Throughput and Latency for Different Skew. Source.

Actually building this type of elastically balanced system requires some very interesting engineering choices. The paper breaks the problem into three questions:

How do we identify load imbalance requiring data migration?
How do we choose which data to move and where to place it?
How do we physically migrate data between partitions?

For those interested in the answers, I highly recommend reading the paper! It’s a nice balance of classic database and distributed-systems work, with an interesting approach for optimally assigning tuples to partitions, as well as cluster monitoring to detect imbalances. The MIT database group is a brilliant bunch, and it’s great to see the evolution of their projects.

Must-Read Papers

Coordination Avoidance in Database Systems

E-Store: Fine-Grained Elastic Partitioning for Distributed Transaction Processing Systems

The Dataflow Model: A Practical Approach to Balancing Correctness, Latency, and Cost in Massive-Scale, Unbounded, Out-of-Order Data Processing

Schema Management for Document Stores

Schema-Agnostic Indexing with Azure DocumentDB

Should You Attend VLDB?

I was the odd attendee that was not researching or building databases as part of my day job, but this was one of the richest learning experiences I’ve had as a Data Engineer.
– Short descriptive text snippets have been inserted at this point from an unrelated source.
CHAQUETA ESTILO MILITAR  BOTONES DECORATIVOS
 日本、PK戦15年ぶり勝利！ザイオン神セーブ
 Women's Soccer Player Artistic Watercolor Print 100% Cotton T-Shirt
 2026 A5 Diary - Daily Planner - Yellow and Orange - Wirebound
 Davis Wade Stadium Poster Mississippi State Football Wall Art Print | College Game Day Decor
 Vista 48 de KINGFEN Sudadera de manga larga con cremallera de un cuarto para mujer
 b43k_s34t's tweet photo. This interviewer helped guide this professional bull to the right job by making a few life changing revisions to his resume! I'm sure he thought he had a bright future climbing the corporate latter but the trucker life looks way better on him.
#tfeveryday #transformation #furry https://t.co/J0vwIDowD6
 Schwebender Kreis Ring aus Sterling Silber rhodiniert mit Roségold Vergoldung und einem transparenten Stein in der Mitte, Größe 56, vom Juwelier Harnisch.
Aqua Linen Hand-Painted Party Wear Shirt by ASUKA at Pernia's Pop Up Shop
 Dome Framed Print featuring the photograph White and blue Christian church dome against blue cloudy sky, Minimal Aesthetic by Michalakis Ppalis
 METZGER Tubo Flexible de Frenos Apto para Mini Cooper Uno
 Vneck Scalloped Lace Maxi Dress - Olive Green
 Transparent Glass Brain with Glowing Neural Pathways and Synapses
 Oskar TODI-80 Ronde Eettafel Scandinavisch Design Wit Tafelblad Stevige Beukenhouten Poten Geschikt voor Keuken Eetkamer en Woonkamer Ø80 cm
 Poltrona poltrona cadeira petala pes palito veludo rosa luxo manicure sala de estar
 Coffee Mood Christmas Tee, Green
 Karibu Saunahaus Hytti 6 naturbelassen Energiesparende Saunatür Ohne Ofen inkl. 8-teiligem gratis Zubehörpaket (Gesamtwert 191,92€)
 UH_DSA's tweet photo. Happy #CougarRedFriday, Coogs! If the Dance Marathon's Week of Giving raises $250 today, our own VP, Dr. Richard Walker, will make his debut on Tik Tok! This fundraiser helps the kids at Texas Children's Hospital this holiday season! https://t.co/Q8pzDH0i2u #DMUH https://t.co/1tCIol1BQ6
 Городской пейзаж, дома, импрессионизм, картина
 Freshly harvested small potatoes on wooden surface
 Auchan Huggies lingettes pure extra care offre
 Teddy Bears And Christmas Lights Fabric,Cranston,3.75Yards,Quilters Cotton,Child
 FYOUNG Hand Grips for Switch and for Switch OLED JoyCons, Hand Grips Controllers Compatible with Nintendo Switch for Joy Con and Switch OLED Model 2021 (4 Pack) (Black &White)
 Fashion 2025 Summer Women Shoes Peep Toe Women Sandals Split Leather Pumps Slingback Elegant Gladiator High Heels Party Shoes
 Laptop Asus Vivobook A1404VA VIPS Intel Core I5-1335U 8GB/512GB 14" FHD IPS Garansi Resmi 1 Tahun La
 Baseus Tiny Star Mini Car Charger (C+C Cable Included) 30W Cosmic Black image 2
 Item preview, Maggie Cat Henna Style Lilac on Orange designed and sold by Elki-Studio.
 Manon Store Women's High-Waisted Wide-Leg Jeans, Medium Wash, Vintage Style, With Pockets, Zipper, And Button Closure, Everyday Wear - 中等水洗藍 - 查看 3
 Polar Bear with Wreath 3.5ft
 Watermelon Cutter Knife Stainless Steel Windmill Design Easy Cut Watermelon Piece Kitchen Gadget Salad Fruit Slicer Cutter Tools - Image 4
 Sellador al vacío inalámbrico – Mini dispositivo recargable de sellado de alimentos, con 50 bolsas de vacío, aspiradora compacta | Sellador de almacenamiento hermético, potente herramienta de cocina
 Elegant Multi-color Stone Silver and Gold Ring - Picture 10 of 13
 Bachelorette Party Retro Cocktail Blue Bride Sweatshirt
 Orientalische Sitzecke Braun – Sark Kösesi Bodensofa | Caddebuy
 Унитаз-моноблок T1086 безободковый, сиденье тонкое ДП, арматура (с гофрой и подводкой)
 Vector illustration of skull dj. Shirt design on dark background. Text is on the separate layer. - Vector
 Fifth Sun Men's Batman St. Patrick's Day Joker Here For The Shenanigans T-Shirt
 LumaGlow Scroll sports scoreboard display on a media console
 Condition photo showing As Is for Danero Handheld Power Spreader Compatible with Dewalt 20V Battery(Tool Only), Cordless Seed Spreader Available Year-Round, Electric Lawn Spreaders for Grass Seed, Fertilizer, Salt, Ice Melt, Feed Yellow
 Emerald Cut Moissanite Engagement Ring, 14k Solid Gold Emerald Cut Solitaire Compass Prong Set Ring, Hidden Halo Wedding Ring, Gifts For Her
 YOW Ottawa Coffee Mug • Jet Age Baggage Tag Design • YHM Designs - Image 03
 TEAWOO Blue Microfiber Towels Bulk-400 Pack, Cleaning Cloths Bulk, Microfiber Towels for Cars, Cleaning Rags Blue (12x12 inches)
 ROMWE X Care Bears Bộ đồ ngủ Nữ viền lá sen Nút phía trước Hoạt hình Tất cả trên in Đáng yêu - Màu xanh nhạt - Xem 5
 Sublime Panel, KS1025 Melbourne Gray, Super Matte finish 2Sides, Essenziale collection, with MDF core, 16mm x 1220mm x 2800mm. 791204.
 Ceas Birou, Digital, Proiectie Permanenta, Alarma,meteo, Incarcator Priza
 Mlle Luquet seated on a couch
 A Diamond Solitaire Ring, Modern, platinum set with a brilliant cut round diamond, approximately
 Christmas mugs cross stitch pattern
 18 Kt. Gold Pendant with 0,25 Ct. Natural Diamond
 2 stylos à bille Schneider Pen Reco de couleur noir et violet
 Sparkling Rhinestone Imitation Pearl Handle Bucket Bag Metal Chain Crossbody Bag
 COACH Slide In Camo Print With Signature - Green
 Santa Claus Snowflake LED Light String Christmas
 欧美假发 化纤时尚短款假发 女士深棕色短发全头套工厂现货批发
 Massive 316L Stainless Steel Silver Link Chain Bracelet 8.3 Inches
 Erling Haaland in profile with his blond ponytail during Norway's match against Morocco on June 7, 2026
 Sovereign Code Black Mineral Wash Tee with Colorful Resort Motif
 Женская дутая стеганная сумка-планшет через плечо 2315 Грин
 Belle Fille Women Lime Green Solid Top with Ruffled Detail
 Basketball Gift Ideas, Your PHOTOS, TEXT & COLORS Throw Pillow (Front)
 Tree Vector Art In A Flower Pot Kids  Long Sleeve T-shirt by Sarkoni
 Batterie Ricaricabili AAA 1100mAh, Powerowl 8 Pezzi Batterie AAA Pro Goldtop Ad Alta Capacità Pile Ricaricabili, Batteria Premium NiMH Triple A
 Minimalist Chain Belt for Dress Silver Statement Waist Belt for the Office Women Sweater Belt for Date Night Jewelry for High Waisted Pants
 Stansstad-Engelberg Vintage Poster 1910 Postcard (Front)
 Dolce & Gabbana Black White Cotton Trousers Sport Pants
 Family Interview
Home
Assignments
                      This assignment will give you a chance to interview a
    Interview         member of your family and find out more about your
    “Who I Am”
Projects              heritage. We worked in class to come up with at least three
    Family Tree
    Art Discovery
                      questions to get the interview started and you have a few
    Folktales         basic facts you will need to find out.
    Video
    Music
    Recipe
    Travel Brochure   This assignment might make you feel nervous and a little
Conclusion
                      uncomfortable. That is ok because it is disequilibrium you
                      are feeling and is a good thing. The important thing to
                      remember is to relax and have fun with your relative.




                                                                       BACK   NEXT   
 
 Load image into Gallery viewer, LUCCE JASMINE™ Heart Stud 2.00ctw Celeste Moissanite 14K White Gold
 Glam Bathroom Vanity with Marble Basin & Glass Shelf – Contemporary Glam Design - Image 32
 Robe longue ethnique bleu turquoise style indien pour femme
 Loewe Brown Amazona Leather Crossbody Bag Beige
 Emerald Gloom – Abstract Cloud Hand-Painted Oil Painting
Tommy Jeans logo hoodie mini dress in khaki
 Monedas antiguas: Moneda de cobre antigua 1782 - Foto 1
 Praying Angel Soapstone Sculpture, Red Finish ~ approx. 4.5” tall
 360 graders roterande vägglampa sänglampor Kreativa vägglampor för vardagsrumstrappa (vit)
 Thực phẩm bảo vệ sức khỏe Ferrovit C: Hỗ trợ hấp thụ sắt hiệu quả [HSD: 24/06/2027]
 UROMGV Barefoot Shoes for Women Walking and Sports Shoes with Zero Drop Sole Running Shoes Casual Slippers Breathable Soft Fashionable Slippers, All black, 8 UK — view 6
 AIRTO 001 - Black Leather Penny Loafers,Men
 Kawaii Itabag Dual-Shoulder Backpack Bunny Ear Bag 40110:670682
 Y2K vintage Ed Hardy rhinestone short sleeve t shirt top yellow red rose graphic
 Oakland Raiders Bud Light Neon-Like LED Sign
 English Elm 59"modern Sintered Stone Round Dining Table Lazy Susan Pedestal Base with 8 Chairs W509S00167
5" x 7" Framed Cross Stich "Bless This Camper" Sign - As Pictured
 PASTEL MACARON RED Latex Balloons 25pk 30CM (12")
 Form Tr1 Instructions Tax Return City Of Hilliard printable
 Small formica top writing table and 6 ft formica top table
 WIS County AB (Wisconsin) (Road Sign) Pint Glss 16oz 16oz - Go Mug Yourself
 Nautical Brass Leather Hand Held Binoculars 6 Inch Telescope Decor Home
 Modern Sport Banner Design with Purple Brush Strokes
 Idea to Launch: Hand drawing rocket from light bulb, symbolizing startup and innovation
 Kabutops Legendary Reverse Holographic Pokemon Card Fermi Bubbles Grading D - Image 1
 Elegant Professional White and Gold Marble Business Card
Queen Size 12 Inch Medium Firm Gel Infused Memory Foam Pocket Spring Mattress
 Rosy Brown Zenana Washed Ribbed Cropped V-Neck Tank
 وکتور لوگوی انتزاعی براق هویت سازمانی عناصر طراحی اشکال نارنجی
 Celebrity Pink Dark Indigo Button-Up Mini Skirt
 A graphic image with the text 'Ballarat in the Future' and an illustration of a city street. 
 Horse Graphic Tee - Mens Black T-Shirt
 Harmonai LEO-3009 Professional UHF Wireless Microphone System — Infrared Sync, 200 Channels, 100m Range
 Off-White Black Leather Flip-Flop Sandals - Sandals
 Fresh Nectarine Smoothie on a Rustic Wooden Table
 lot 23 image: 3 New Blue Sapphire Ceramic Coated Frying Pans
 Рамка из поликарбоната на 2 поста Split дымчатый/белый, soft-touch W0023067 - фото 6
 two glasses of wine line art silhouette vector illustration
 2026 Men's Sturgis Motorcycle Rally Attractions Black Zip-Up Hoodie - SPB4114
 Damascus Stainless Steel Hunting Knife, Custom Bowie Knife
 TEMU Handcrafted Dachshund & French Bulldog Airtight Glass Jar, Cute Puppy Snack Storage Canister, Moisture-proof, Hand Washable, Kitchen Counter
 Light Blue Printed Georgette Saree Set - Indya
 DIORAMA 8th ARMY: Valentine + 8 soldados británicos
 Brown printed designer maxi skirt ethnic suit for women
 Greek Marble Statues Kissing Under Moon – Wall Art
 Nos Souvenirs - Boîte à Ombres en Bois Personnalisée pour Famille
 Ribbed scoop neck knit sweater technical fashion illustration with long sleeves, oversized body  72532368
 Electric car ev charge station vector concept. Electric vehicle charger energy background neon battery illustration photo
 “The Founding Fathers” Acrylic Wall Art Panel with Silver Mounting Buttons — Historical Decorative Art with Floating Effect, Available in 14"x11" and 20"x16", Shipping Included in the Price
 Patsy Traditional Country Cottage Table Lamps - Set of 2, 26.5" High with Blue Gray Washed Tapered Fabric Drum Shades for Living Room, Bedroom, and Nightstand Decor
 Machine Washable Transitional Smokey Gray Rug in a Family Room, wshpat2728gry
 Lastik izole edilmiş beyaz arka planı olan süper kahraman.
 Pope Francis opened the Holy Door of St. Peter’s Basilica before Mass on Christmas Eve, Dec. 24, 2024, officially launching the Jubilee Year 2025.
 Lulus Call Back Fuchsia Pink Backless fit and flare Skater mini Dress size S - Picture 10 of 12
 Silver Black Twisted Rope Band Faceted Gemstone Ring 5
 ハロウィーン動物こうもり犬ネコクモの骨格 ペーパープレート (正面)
I highly recommend VLDB for other data and distributed-systems engineers who want to stay current with the state-of-the-art in database research and technology; the industry and research sessions I attended were both excellent. Thanks to the organizers for curating and organizing such a great edition this year, and I hope to see everyone in 2016.

Thanks to Katherine Fellows and Trey Causey for reading drafts of this article.